++++ Entries shown ++++

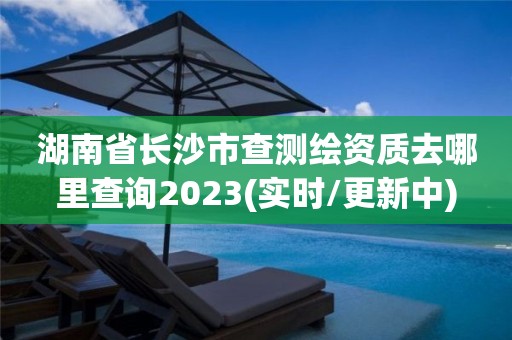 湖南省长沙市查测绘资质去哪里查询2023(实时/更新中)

++++
++++ Entries shown ++++

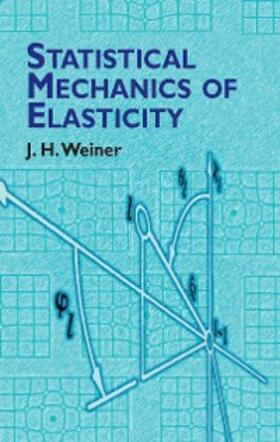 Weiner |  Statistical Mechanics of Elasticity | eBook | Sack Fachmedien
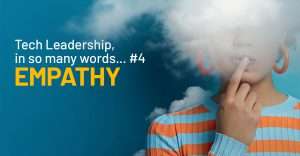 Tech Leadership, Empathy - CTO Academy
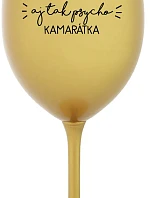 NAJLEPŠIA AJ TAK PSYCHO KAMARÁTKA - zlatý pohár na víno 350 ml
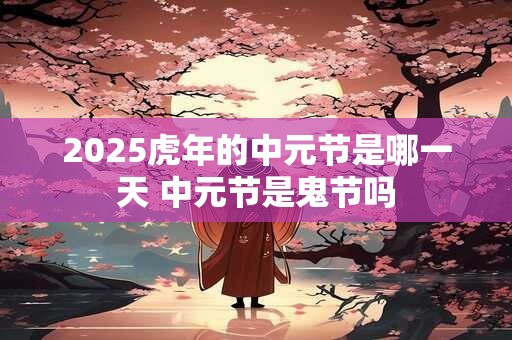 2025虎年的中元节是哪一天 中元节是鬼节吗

++++

• _Work instruction_: Start with the line with "eBook | Sack Fachmedien" in the listing above and stop after the line with "2025虎年的中元节是哪一天 中元节是鬼节吗". Write out exactly the lines in that stretch and no others, without pictures.

• _Task response_:
 Weiner |  Statistical Mechanics of Elasticity | eBook | Sack Fachmedien
 Tech Leadership, Empathy - CTO Academy
 NAJLEPŠIA AJ TAK PSYCHO KAMARÁTKA - zlatý pohár na víno 350 ml
 2025虎年的中元节是哪一天 中元节是鬼节吗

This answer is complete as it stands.